**Work instruction:** In the records, find each line where "Gold" occurs, and copy it.
(Listed records)
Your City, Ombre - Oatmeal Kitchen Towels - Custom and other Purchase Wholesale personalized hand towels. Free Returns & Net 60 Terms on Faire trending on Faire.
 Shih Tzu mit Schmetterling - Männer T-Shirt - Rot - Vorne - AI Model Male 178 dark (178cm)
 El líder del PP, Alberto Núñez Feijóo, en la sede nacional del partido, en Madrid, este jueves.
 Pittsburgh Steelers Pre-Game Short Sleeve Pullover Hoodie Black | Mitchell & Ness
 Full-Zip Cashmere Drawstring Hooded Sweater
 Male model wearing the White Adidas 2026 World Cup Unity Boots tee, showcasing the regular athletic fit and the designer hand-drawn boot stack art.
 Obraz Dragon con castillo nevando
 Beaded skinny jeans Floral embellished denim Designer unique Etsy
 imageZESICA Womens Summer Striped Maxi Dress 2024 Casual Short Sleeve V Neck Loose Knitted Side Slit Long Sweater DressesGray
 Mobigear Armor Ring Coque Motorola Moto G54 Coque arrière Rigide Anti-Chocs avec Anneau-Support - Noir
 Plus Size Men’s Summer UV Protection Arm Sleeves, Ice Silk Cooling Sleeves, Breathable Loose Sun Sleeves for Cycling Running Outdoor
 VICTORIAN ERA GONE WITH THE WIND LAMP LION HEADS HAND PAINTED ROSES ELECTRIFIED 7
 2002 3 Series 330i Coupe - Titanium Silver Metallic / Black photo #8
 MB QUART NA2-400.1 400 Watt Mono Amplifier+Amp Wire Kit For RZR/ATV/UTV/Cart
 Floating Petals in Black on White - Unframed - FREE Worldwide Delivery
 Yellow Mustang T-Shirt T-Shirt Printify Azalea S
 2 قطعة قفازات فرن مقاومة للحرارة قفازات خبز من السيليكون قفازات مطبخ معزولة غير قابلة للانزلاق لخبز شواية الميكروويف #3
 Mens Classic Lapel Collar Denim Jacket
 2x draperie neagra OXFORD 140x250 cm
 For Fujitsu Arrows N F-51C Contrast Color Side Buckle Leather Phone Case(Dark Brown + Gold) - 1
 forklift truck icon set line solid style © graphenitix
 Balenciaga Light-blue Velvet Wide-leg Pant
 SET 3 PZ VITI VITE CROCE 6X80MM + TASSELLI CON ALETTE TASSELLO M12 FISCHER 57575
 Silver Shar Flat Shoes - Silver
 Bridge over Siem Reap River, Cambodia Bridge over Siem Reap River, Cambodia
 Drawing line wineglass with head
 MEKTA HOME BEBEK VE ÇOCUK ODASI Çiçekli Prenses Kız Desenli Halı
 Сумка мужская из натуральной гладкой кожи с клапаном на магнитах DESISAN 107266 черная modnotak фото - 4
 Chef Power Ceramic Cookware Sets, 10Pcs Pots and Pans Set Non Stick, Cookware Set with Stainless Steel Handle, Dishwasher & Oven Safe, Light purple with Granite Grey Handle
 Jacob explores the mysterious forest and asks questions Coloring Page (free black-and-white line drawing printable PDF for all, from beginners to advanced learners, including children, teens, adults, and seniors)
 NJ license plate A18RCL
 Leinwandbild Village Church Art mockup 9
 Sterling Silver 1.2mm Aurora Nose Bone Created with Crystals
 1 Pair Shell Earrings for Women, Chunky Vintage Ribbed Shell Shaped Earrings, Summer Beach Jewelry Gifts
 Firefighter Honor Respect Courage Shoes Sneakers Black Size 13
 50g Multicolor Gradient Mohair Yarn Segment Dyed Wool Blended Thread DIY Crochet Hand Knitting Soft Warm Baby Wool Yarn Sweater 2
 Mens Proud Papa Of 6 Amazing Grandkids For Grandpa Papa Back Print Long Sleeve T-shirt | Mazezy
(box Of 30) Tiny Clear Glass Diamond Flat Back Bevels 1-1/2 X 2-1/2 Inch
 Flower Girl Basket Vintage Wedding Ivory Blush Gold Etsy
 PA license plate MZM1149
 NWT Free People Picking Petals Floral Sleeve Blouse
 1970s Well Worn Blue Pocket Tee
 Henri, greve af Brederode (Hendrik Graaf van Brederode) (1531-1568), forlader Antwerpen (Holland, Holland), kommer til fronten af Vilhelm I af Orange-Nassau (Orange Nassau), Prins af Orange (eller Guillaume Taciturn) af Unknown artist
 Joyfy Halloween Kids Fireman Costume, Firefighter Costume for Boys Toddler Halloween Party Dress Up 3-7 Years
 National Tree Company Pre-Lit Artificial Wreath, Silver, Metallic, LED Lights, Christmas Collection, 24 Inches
(End Listed records)
**Answer below:**
 For Fujitsu Arrows N F-51C Contrast Color Side Buckle Leather Phone Case(Dark Brown + Gold) - 1
 Flower Girl Basket Vintage Wedding Ivory Blush Gold Etsy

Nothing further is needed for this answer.